Из музея нас зазвала «Богатырская застава». Она вообще-то тут же, на музейной территории. Местный житель Сергей Овсянкин, некогда вице-чемпион Европы по гиревому спорту, собрал меленковских мальчишек и прямо так спросил: «Кто хочет стать настоящим русским богатырем?» Поди попробуй сказать нет! В тот момент пацаны еще не понимали, что зовет их этот крепкий, улыбчивый дядька вовсе не в игру поиграть, а и впрямь стать мастерами ратных схваток и артистического фехтования. Чего только не умеют эти юные богатыри, младшим из которых – всего-то по 9-10 лет! Мальчишки на удивление пластичны, артистичны. «У вас хореограф есть?» – уточнил я у Сергея. «Какой хореограф, ему же платить надо, а мы все сами, бесплатно, для души. А пластика – она у ребят природная!» Все тут тоже живут в таком предподъеме души, в ожидании ренессанса. Овсянкин сам разработал масштабный проект целого богатырского городка, в котором могут происходить круглогодичные программы, фестивали, конкурсы.
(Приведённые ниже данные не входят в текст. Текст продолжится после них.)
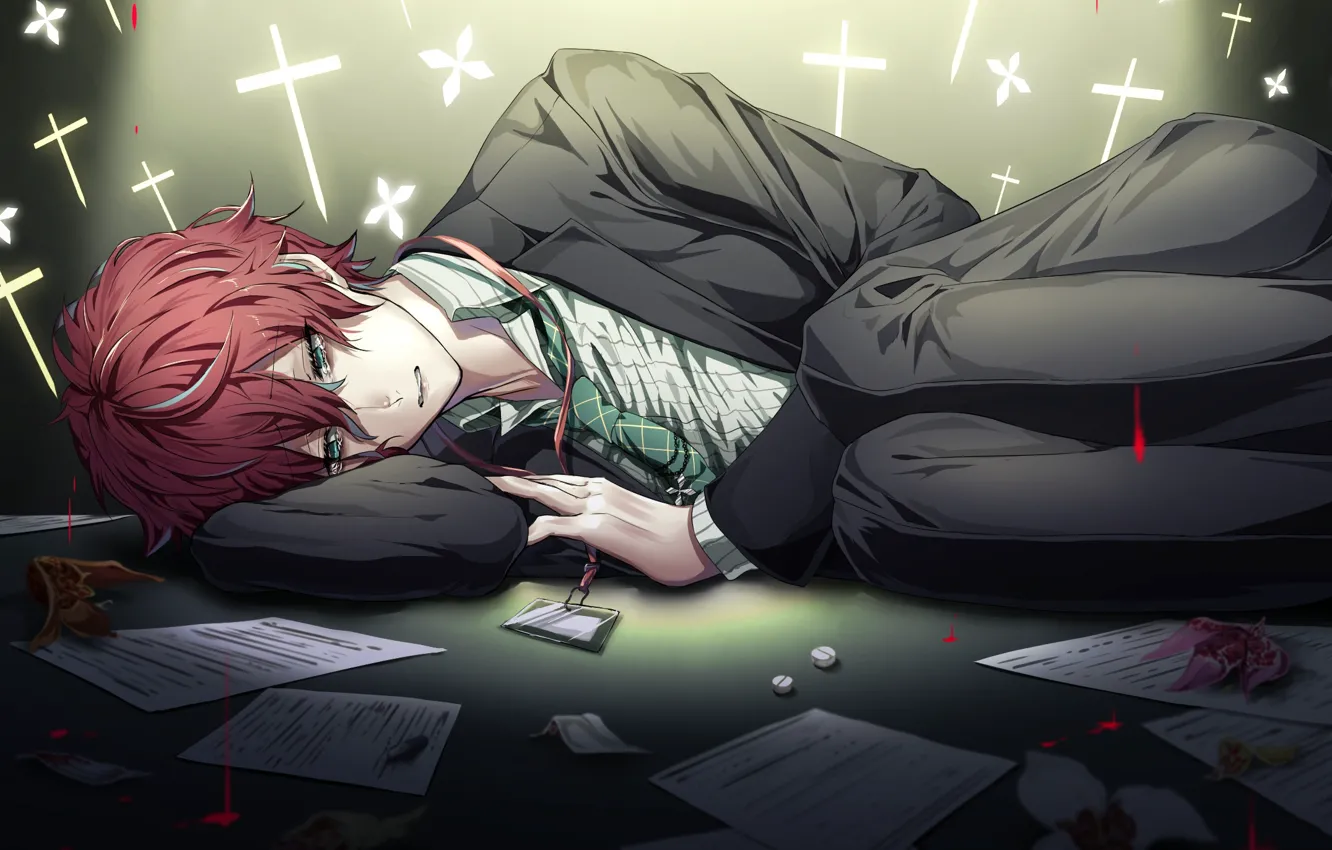 Photo wallpaper tears, guy, Hypnosis Mic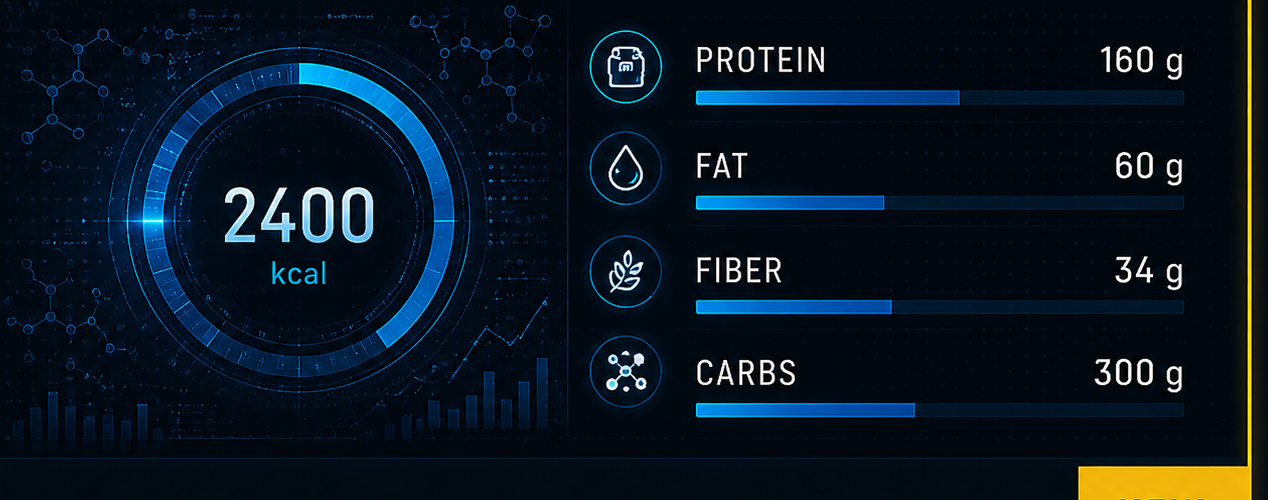 Nutrition intake calculator dashboard
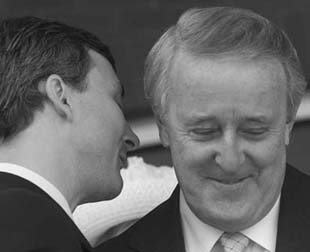 Bernard Lord and Brian Mulroney St Thomas University Fredericton August 28 - photo 2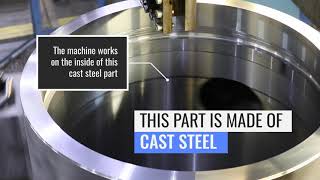 20,000 Pound Outer Casing; Large Part Machining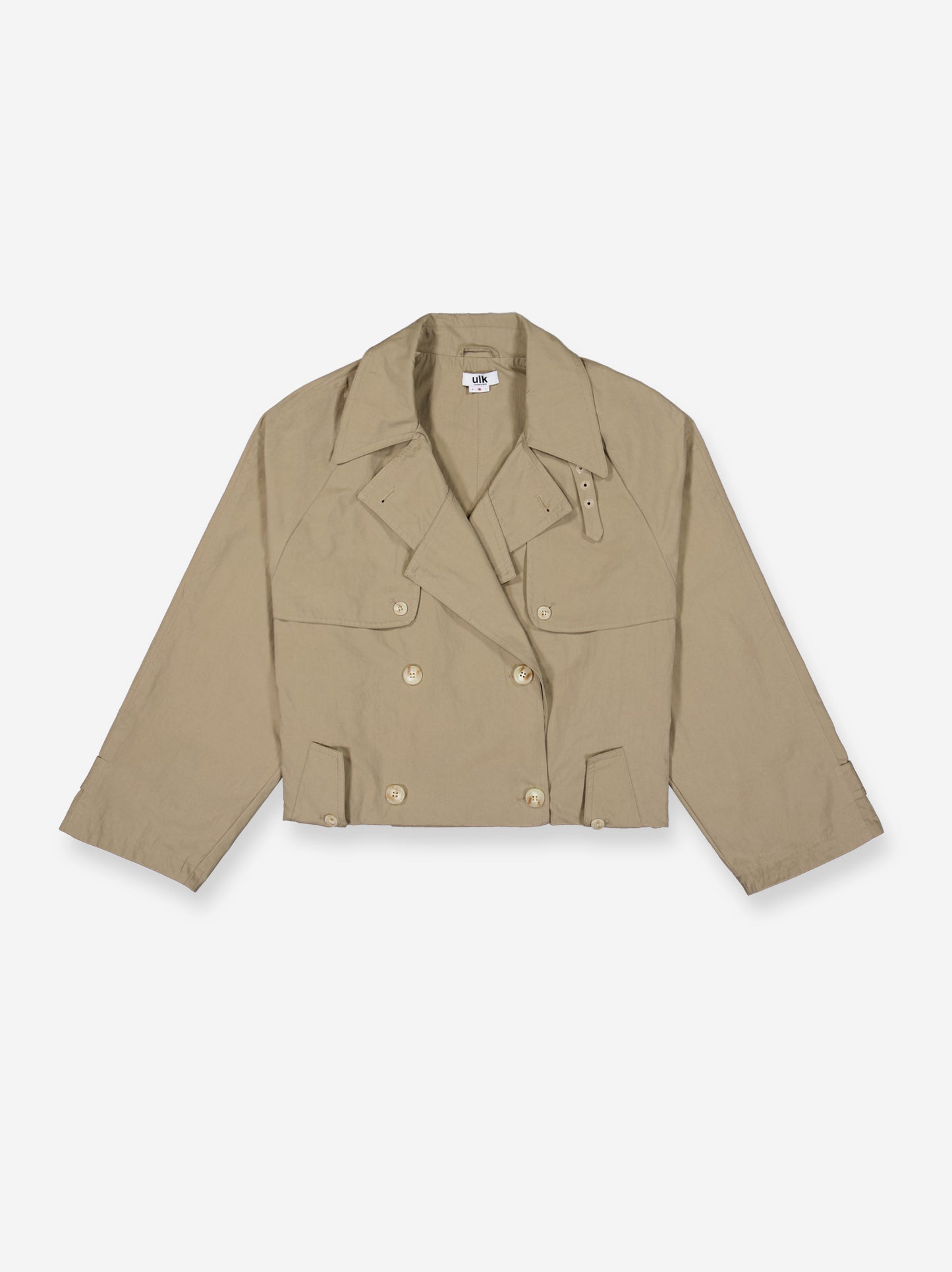 Gabardina cropped cruzada - Livia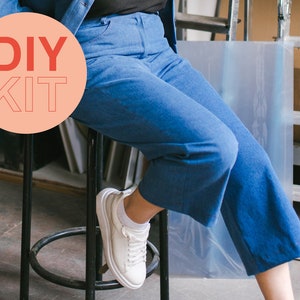 DIY Sewing Kit Jeans pants | XS-XXXL | Sewing box, Sewing kit, diy kit| Intermediate | With video tutorial German and English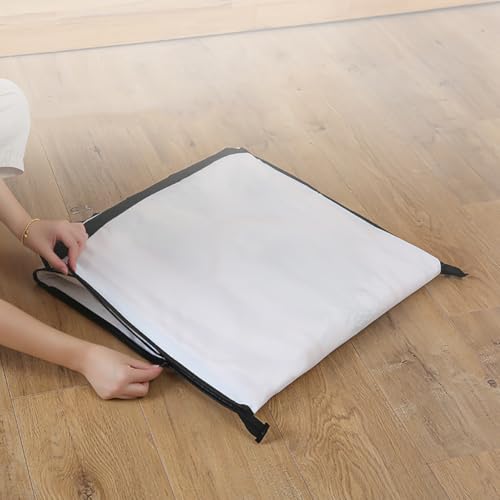 Long Dress Covers Garment Storage Bags Full Length Dress Bags Wedding Gown Storage Bag Dance Costume Carrier Dustproof Clothes Covers Bags with Zip White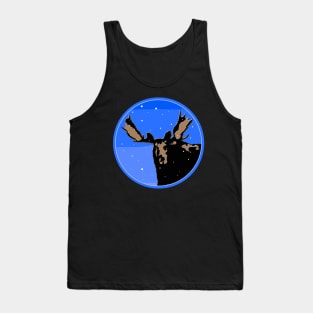 Moose in Winter Tank Top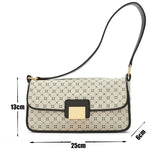 Retro Women Bags Print Strap Female Handbags Pu Leather Crossbody Messenger Bag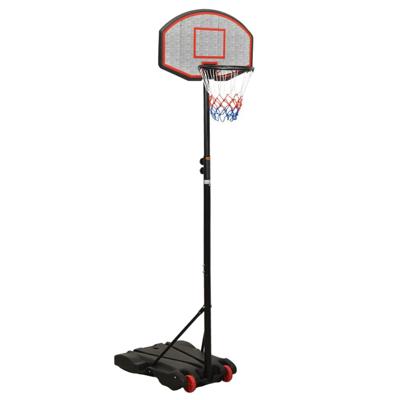 VidaXL Basketbalstandaard 216-250 cm polyethyleen zwart
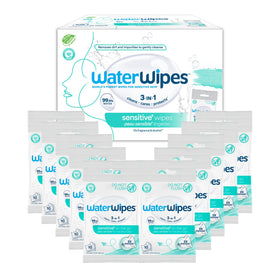 WaterWipes front packaging showing 10 packs and benefits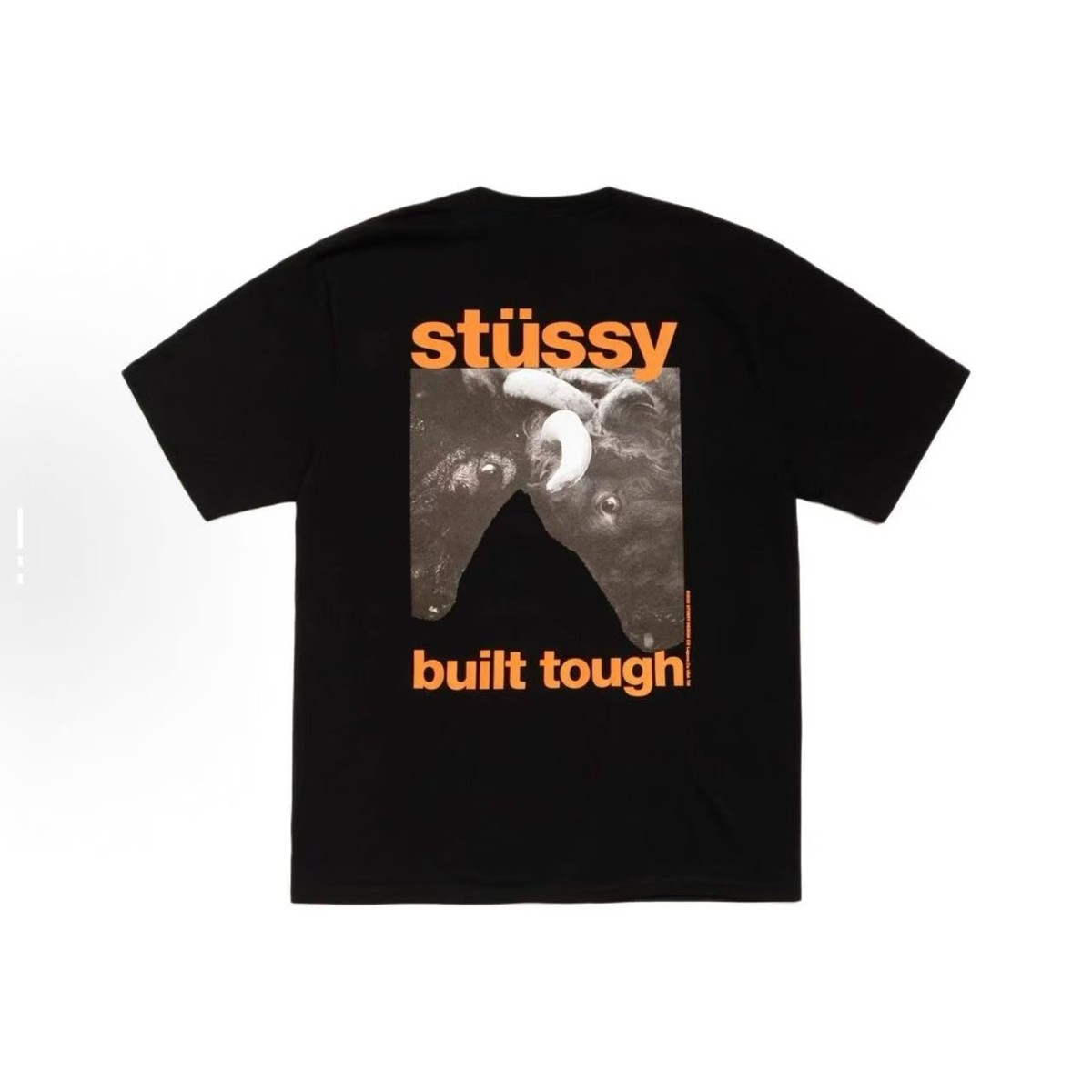 Stussy BUILT TOUGH オレンジベスト Stussy FW26 BUILT TOUGH TEE Summer t-shirt Black - White | eBay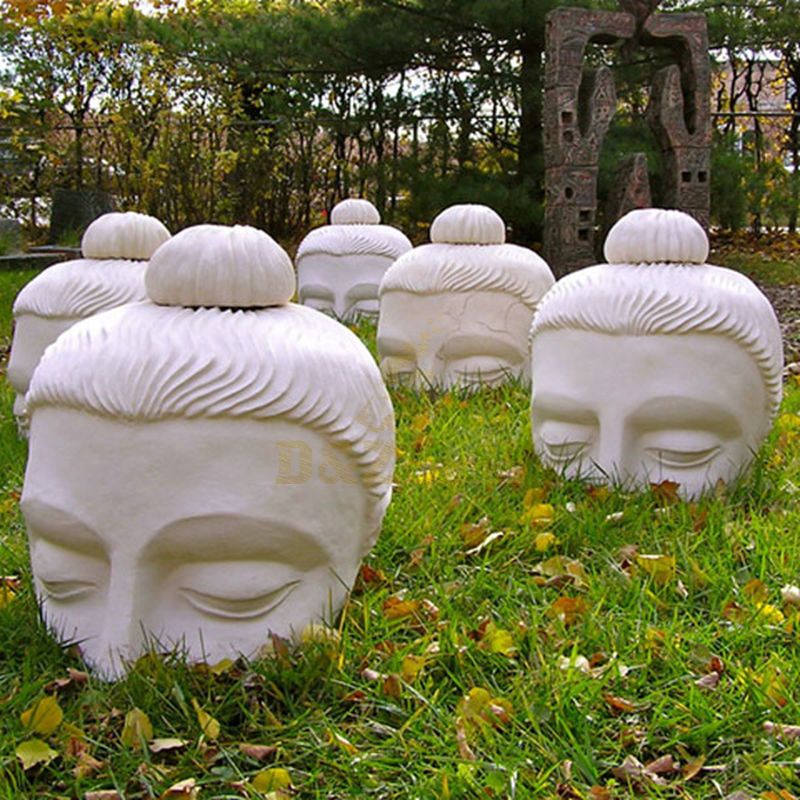 Outdoor Garden Buddha Head Statue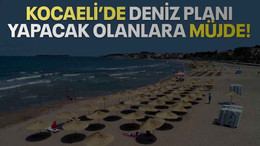 Kocaeli’de deniz planı yapacak olanlara müjde!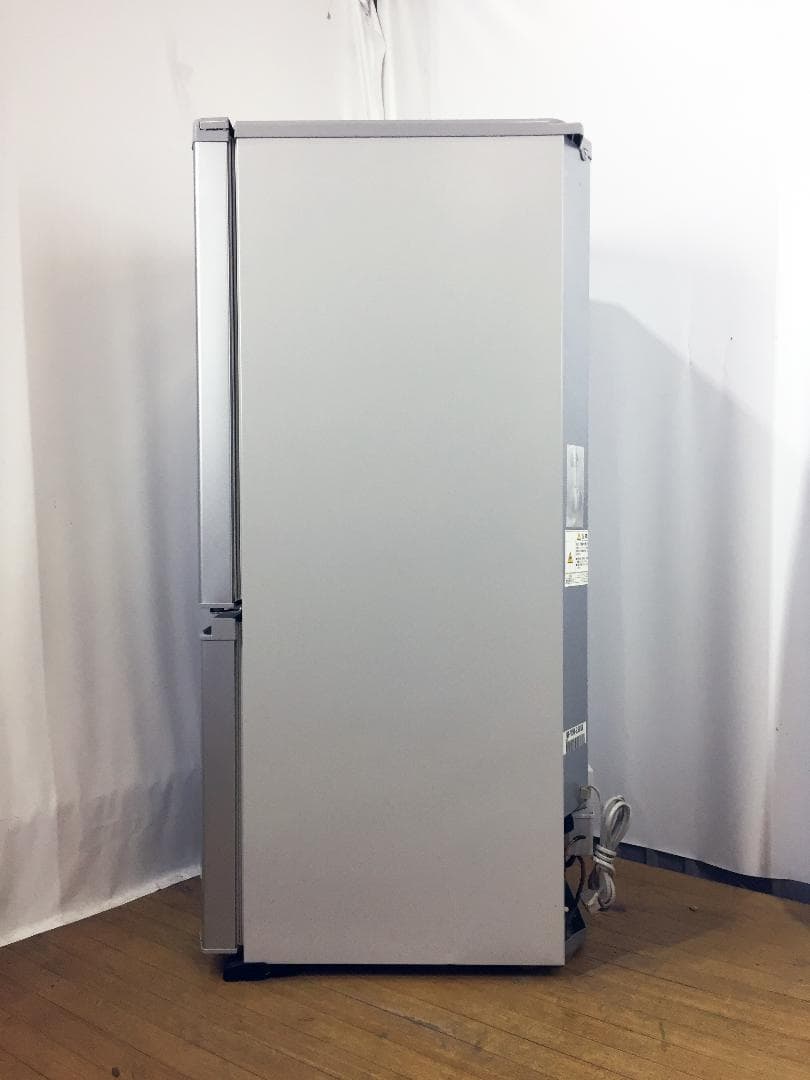 送料無料★三菱 ラウンドカット 2ドア冷蔵庫 【MR-P15W】
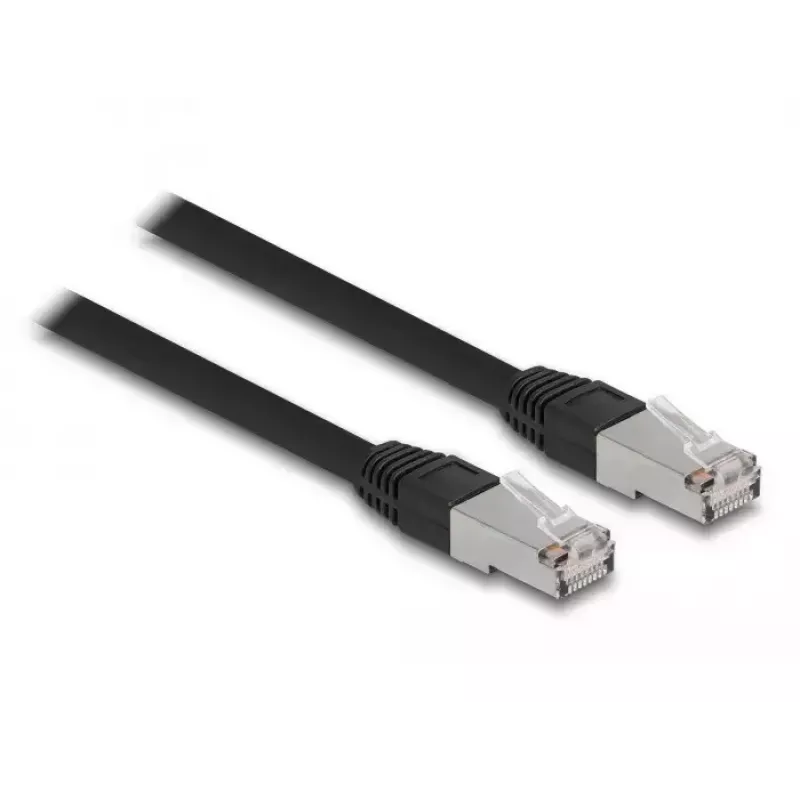 Kabel sieciowy DeLOCK RJ45 Cat.6A 5m Czarny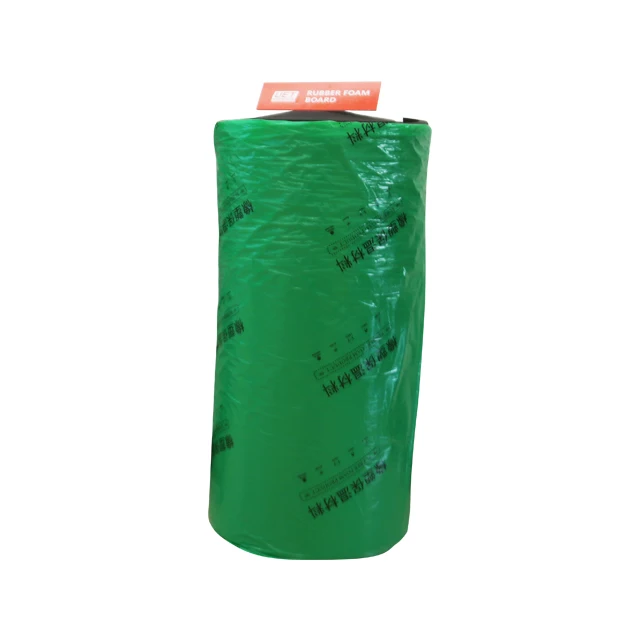 Aluminium coated closed cell natural rubber foam insulation sheet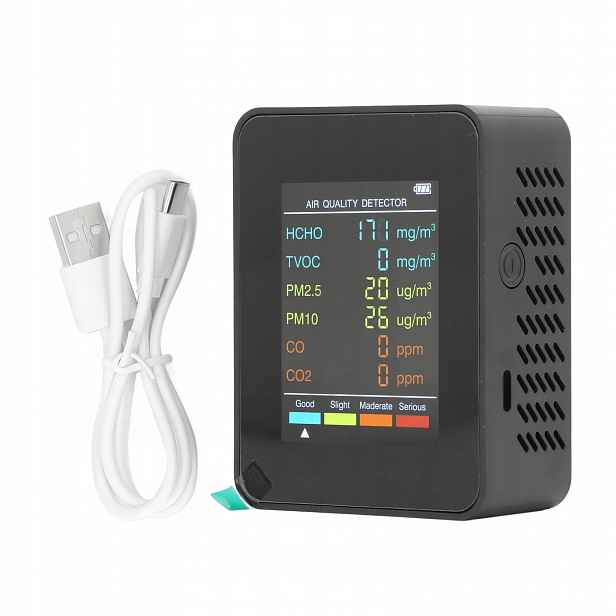 Senzor Kvality Vzduchu CO2 Tvoc Hcho PM2.5 PM10 Profesionální Detektor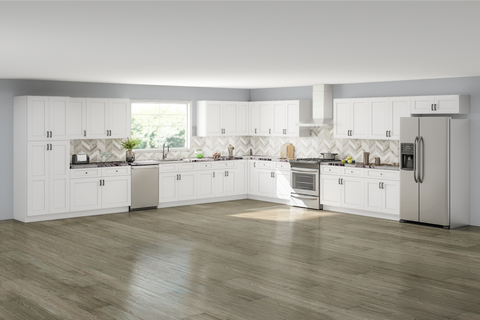 18 X 18 Fabuwood Allure Galaxy Frost Kitchen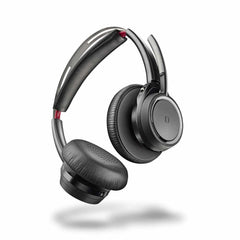 Poly Voyager Focus UC Bluetooth Headphones with Mic and Charger Stand USB-A Connector Black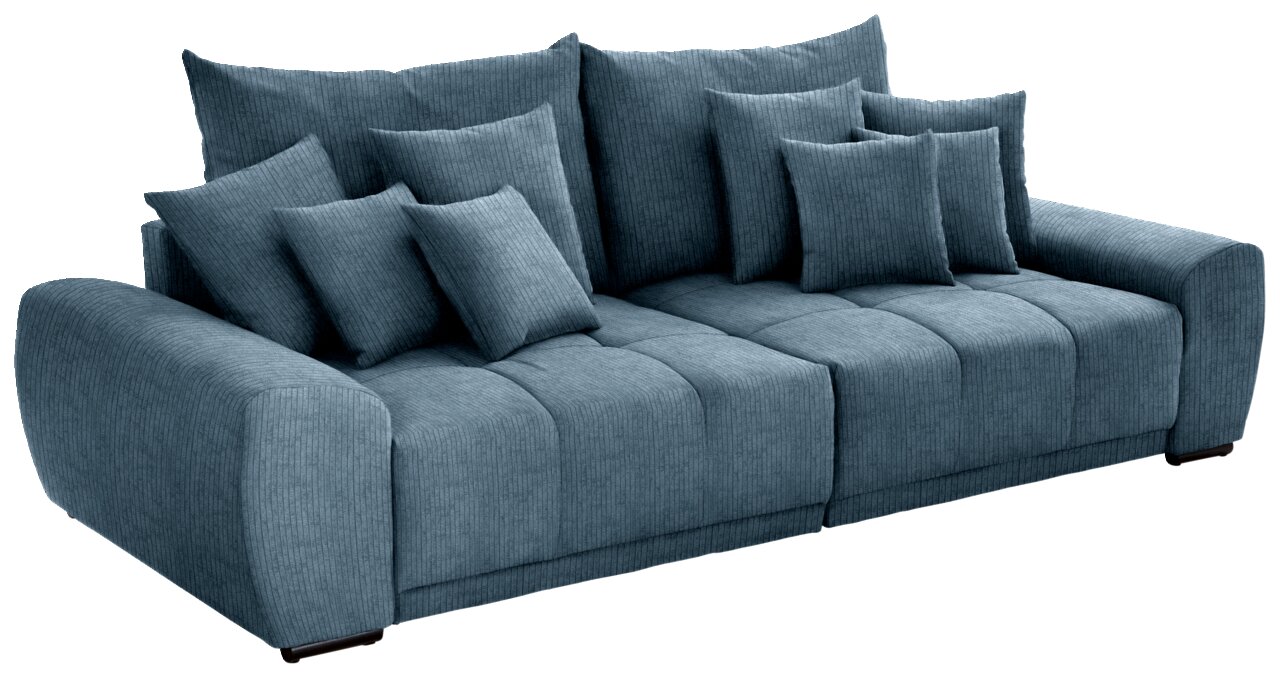 Z2 Big Sofa TAVANI, blau, Cord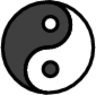 yin yang emoji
Заниматься тут будут меленковские мальчишки, которые, я почему-то в этом абсолютно убежден, когда вырастут, не пойдут воровать, не сопьются, не ударят женщину. Потому они богатыри, рыцари. Словом, есть такой проект в глубинке из глубинок! И дело, как водится, за инвестором. Ау, инвесторы! Впрочем, может, стоит включить объект в Федеральную программу по развитию внутреннего туризма, приобщив к нему государство?
А вот Малахов из Коровина обходится своими силами. Совсем неподалеку от Меленок, в селе Коровино есть гончарная мастерская Михаила Малахова. В местных лесах – отличная глина, а потому гончарному промыслу тут много веков. Его-то Михаил и решил возродить еще в 80-е годы прошлого века. Потому как прервалась тогда, казалось, традиция. А Михаилу уж очень она понравилась. Набрал учеников, но немногие тогда на долго задержались: работа-то непростая, не только руки нужны, но и голова. Оставшиеся и образовали вместе с двумя уже подросшими сыновьями Михаила эту самую артель. Работа тут сегодня поставлена на поток: заказы на малаховскую глиняную посуду поступают далеко из-за пределов Владимирской области. Немудрено: я попробовал, какая вкусная в таком глиняном горшке пшенная каша! Такую в обычной посуде не сваришь, поверьте. Оторваться – невозможно, а ведь сытым приехал.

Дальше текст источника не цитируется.